*Task prompt*
Output the listing exactly, without its pictures.

*Given data*
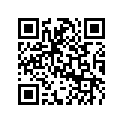 417300246 FOAM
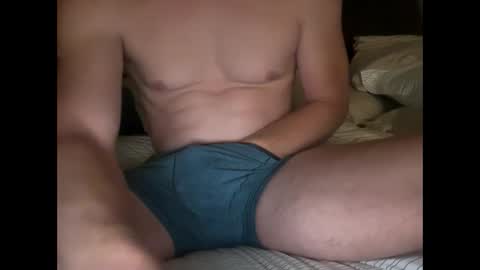 litup55 online show from 09-21-25, 12:56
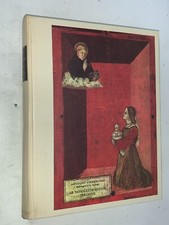 CIARROCCHI, MORI - LE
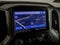 2022 Chevrolet Silverado 3500 HD LTZ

*Task output*
 417300246 FOAM
 litup55 online show from 09-21-25, 12:56
 CIARROCCHI, MORI - LE
 2022 Chevrolet Silverado 3500 HD LTZ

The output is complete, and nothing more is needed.